(JTA) — “The world looked on during the rise of the Nazis, and cannot do so again,” Samantha Power, the United States’ envoy to the United Nations, warned attendees at a symposium in Krakow held on the eve of Israel’s Holocaust Remembrance Day.
“We can’t allow ourselves to be bystanders when we see early warning signs of mass atrocities,” she said Wednesday via video feed during the program marking the 80th anniversary of the Nuremberg Race Laws and the 70th anniversary of the Nuremberg Trials. “Genocides don’t arise spontaneously – their masterminds telegraph them, systematically laying the foundation for their murderous ends. That is the lesson of the deplorable race laws adopted in Nuremberg in 1935, of Kristallnacht in 1938, and of so many of the other steps the Nazis took that signaled their horrific intent. Yet the world looked on. We must not allow ourselves to do the same.”

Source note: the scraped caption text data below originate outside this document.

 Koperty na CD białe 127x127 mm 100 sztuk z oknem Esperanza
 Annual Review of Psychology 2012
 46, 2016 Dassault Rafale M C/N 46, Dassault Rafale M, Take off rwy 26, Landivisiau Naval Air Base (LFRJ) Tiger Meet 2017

The anti-Semitic Nuremberg Laws institutionalized Nazi racial theories and, along with other laws, prevented marriage or other relationships between Jews and Germans and stripped Jews of their German citizenship. The Nuremberg Trials brought 13 Nazi war criminals to justice in the years immediately after World War II.

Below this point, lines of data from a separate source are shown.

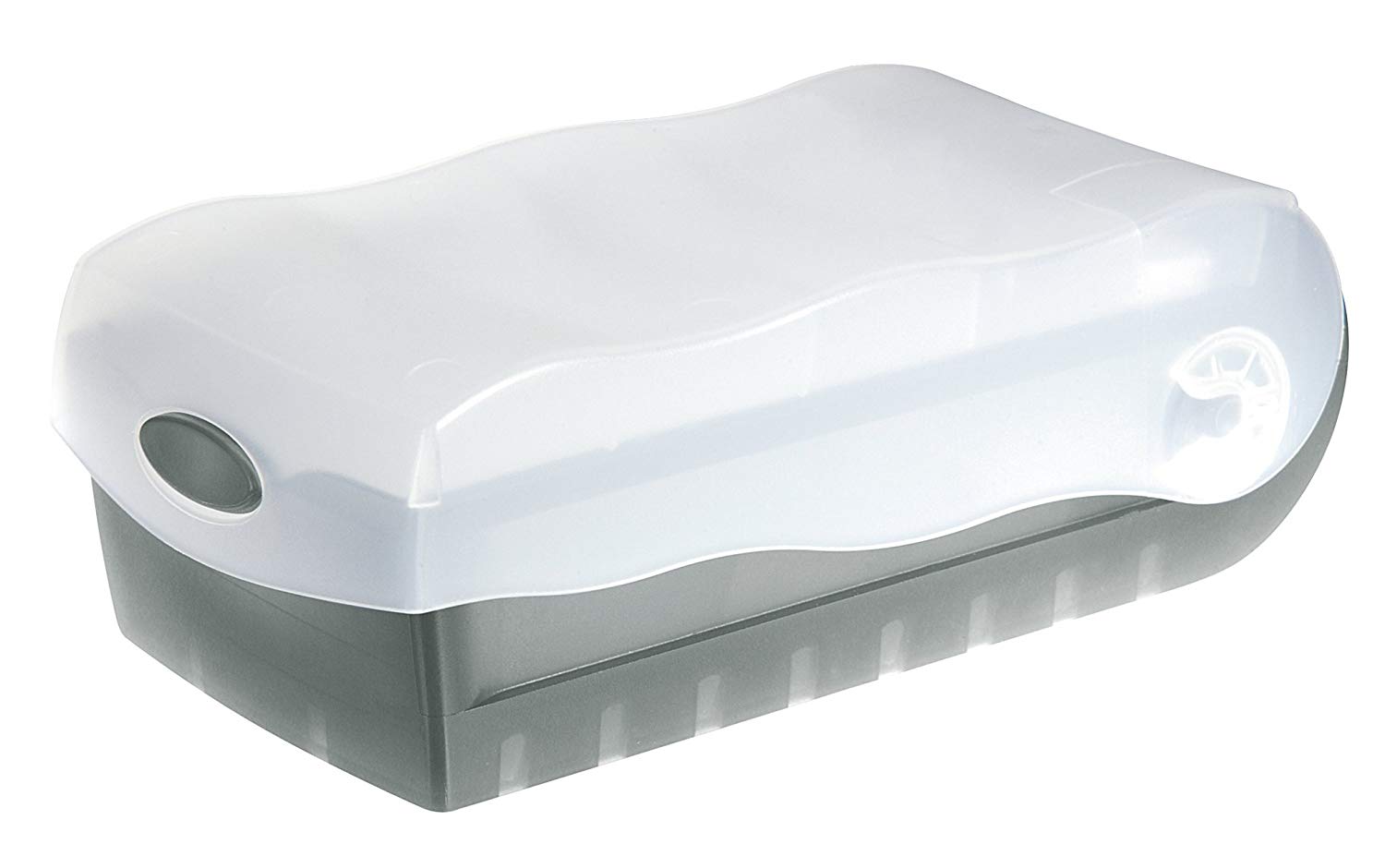 HAN 998-693, CROCO Flashcard Index Box. For learning vocabulary in an ingeniously simple way, A8, translucent grey - Image 3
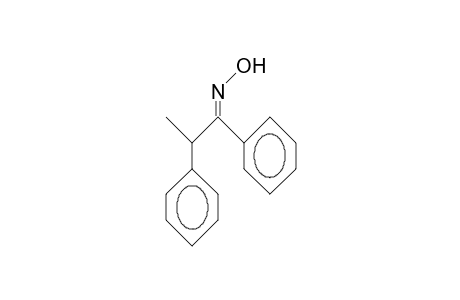 syn-2-Phenyl-propiophenone oxime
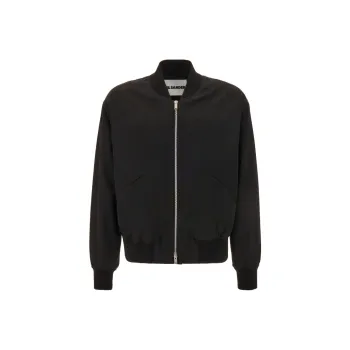JIL SANDER Zip Up Bomber Jacket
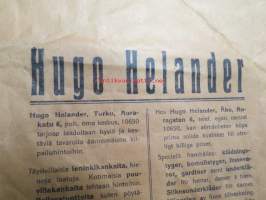 Hugo Helander -kauppaliikkeen paperipussi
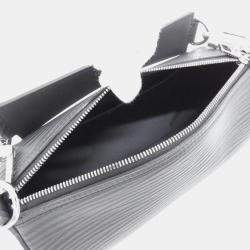 Pre Owned Louis Vuitton Soft Polochon PM Black Epi Leather Shoulder Bag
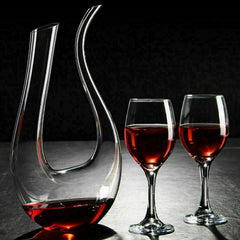 Crystal U - shaped 1500ml Wine Decanter - Wize - Z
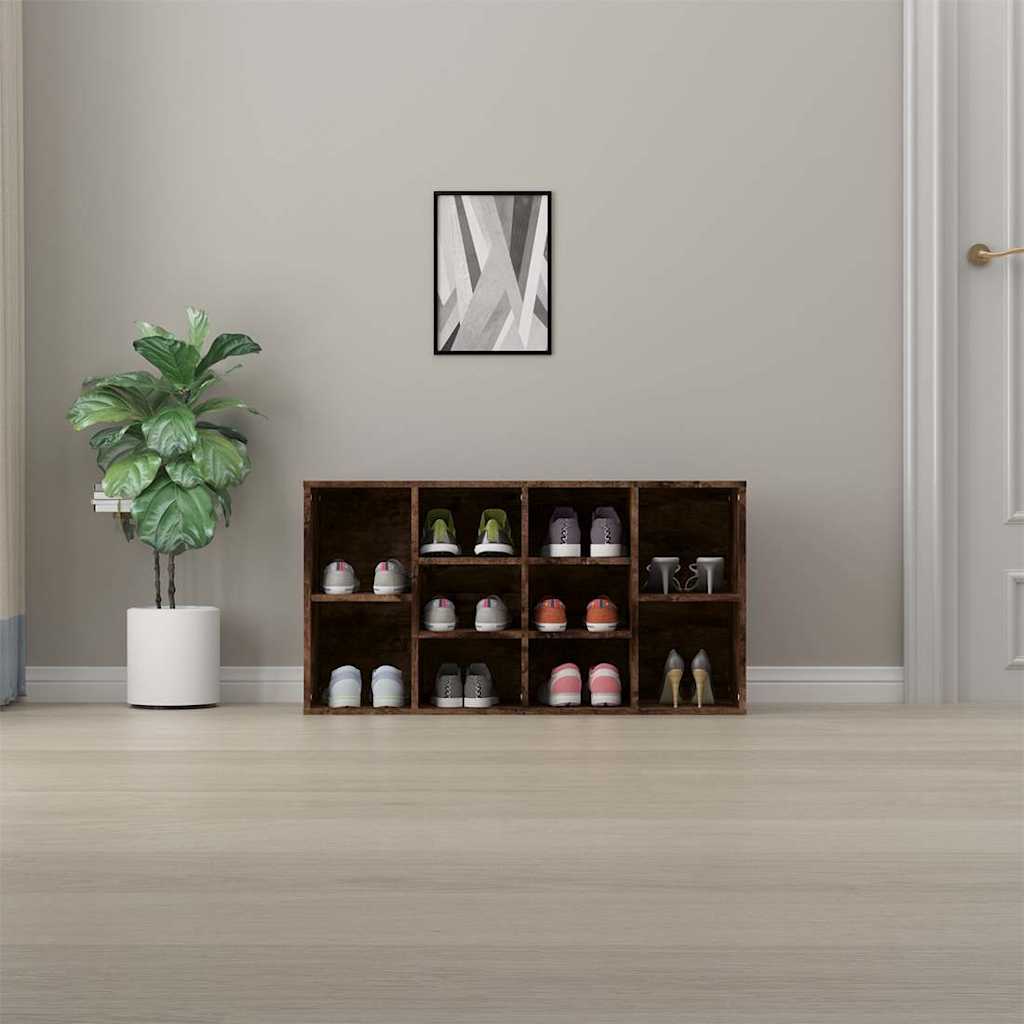 skobænk 103x30x55 cm konstrueret træ røget egetræsfarve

The program on Wednesday came at the start of the annual March of the Living, which brings individuals from all over the world to Poland and Israel in order to study the history of the Holocaust and walk the three-mile path leading from Auschwitz to Birkenau on Holocaust Remembrance Day in tribute to the victims of the Holocaust.

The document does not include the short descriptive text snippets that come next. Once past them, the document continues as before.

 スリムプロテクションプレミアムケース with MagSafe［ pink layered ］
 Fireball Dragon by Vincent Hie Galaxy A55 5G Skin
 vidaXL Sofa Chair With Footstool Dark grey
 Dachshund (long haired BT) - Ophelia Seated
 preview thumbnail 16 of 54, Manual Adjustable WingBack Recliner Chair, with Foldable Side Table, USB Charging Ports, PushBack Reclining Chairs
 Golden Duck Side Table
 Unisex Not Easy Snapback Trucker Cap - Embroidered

Sponsored by March of the Living International and organized with the Raoul Wallenberg Centre for Human Rights and Jagiellonian University in Krakow, the symposium brought together leading international jurists, legal scholars and political leaders from around the world. Former Canadian Justice Minister Irwin Cotler and Harvard Law School Professor Alan Dershowitz co-chaired the event with Nobel Laureate Elie Wiesel serving as honorary chair.
In her remarks at the event, Israeli Justice Minister Ayelet Shaked spoke of lingering anti-Semitism in Europe in the aftermath of the Holocaust.
“It is an uncomfortable truth that anti-Semitism had not abated at the end of the war. We can witness anti-Semitism today, in fact the anti-Semitic voices seem to get louder and stronger still,” she said.
She pointed to recent rhetorical and physical attacks against Jews and Israel in Europe, including the recent upheaval in Britain’s Labour Party over members and lawmakers whose harsh criticism of Israel and its Jewish supporters have led the party to launch an internal investigation into anti-Semitism.
“I call the United Kingdom Labour leader Jeremy Corbyn to state clearly the Labour’s commitment to fighting anti-Semitism. Mr. Corbyn must clarify that anti-Semitic comments are not within legitimate political debate, and that anti-Semitic views should end a politician’s career and disqualify from any future public office,” Shaked said.
“And European leaders should also heed the British lesson and affirm that anti-Semitism is unacceptable.”